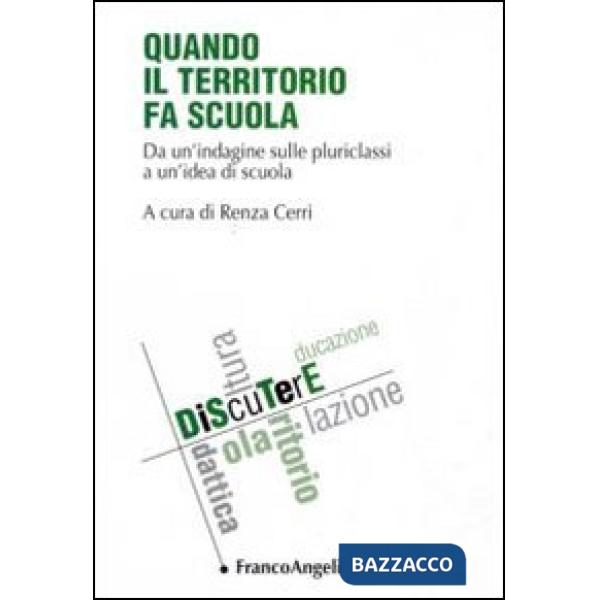 Quando il territorio fa scuola. Da un'indagine sulle pluriclassi a un'idea di scuola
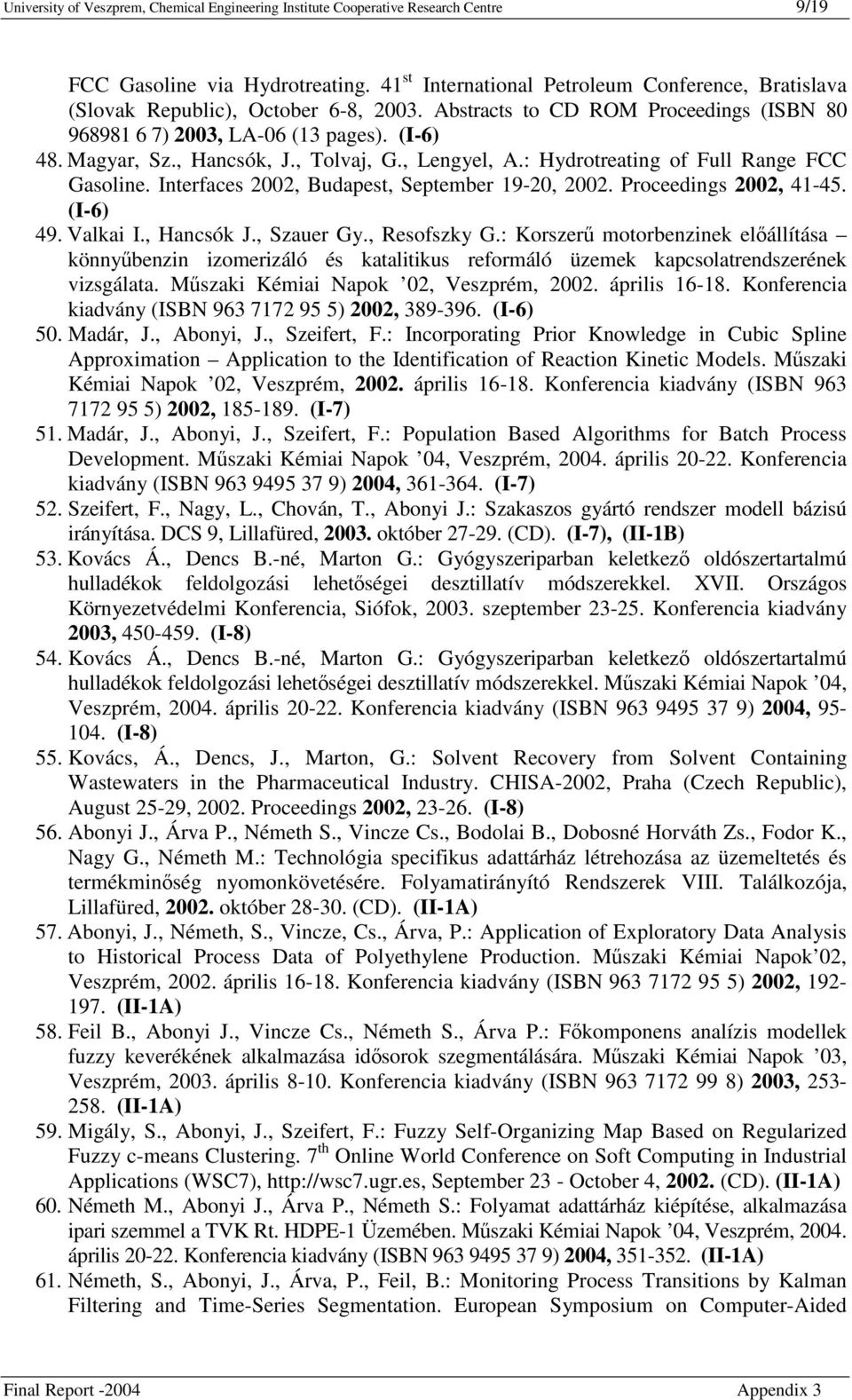 , Hancsók, J., Tolvaj, G., Lengyel, A.: Hydrotreating of Full Range FCC Gasoline. Interfaces 2002, Budapest, September 19-20, 2002. Proceedings 2002, 41-45. (I-6) 49. Valkai I., Hancsók J., Szauer Gy.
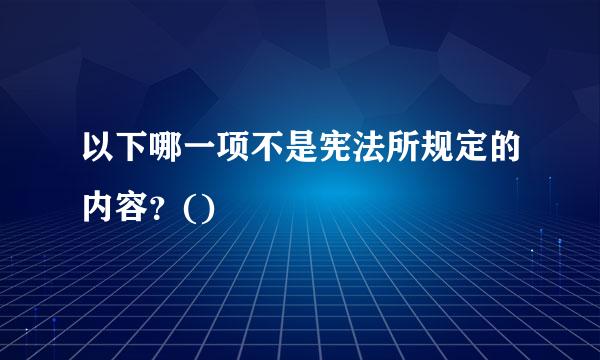 以下哪一项不是宪法所规定的内容？()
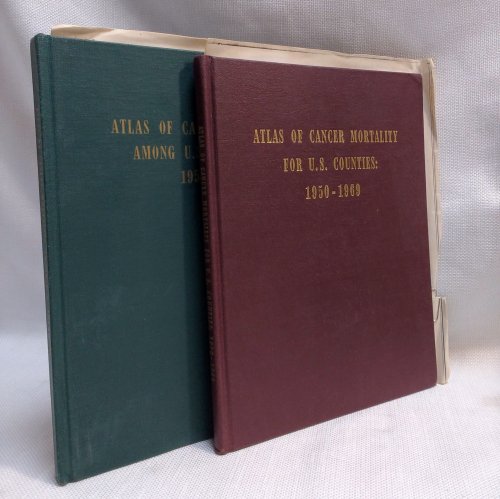 Atlas of Cancer Mortality for U. S. Counties 1950-1969 WITH [separate volume] Atlas of Cancer Mortality for U. S. Nonwhites 1950-1969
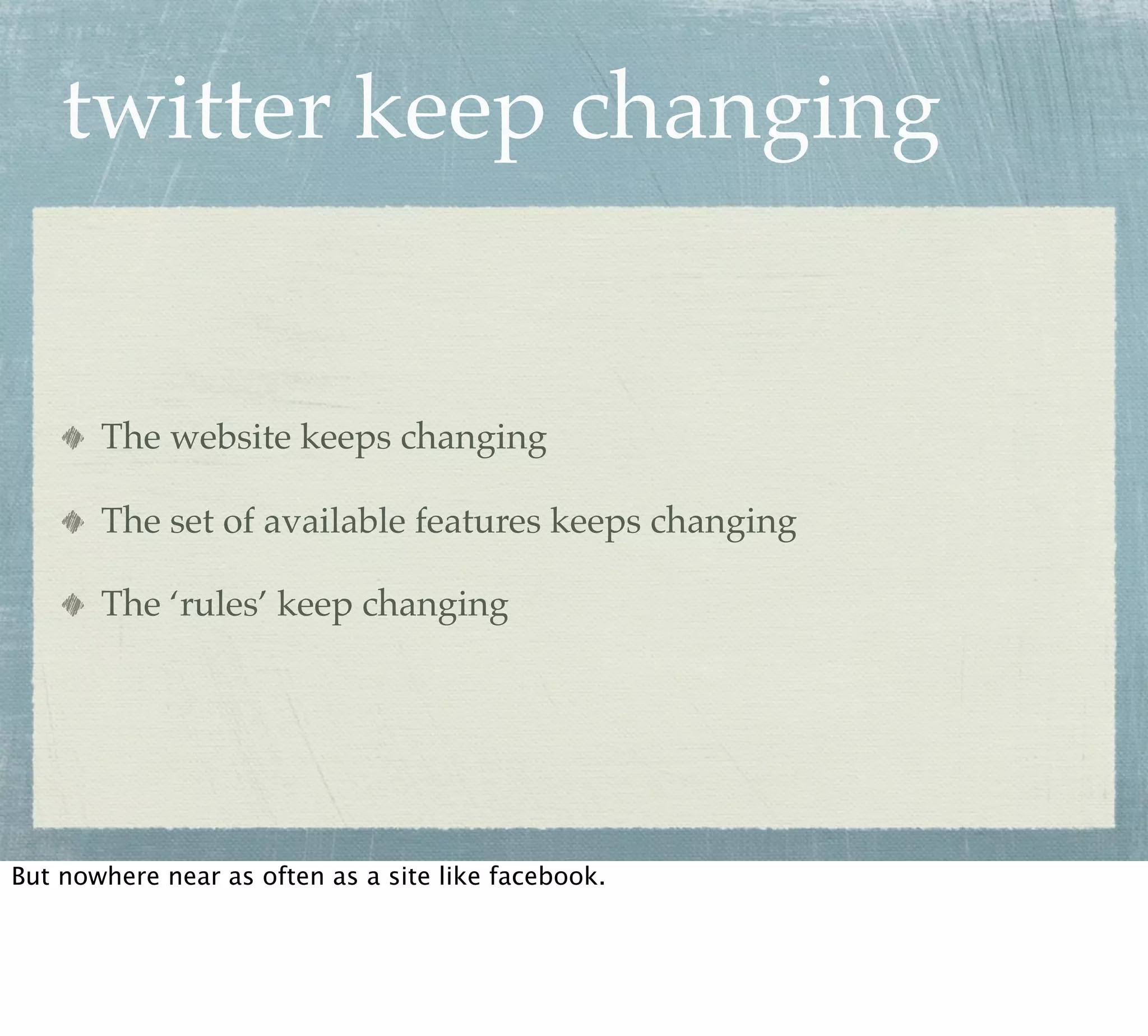 twitter keep changing


       The website keeps changing

       The set of available features keeps changing

       The ‘rules’ keep changing




But nowhere near as often as a site like facebook.
 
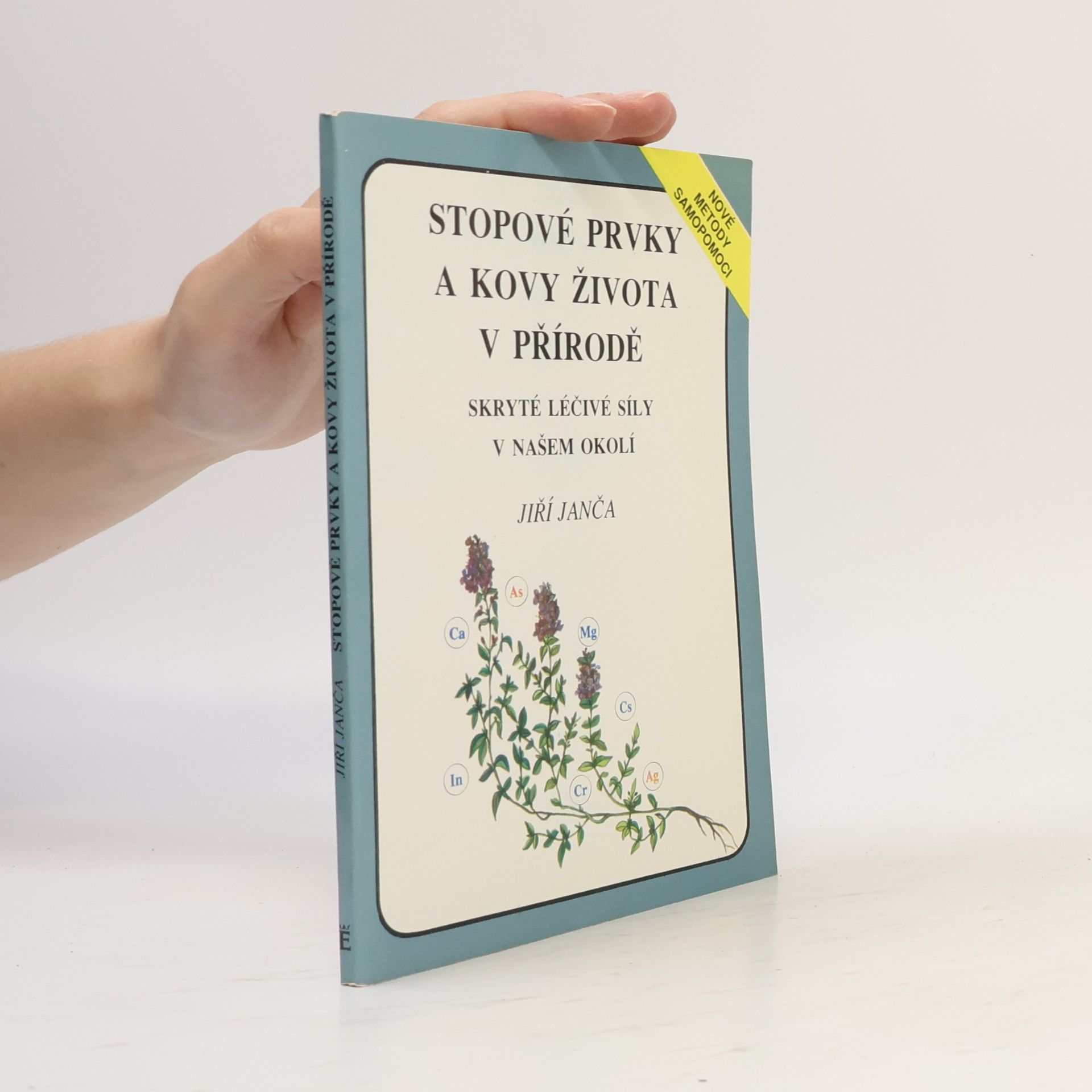 Jiří Janča Stopové prvky a kovy života v přírodě. Skryté léčivé síly v našem okolí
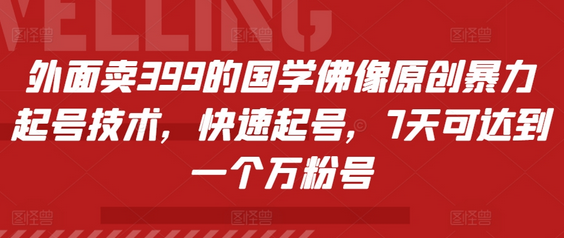 外面卖399的国学佛像原创暴力起号技术，快速起号，7天可达到一个万粉号-SSOKS网创项目-分享创业资讯_最新网络项目资源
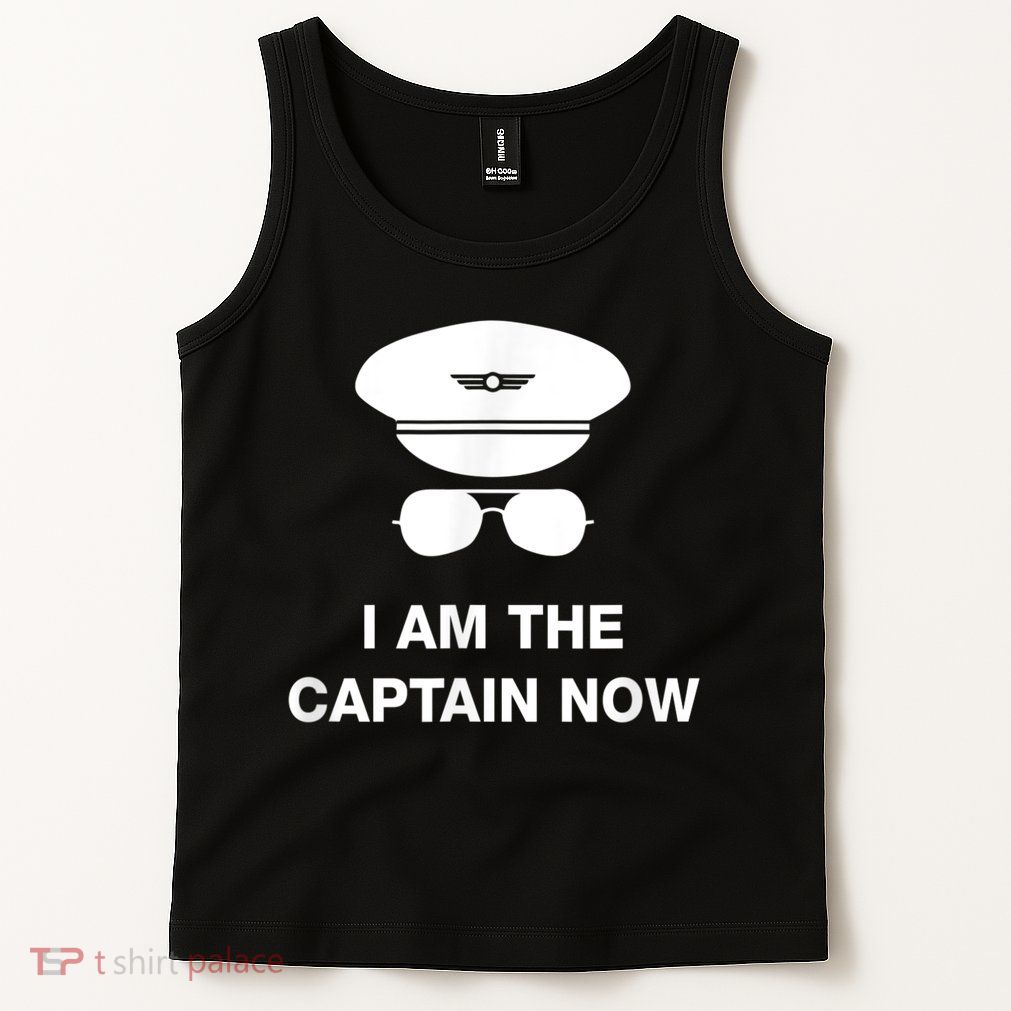 I Am The Captain Now Funny Pilot Tank Top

== What the task requires ==
Provide only the count of lines within the entries above that include the string "keeps".

== Expected answer ==
2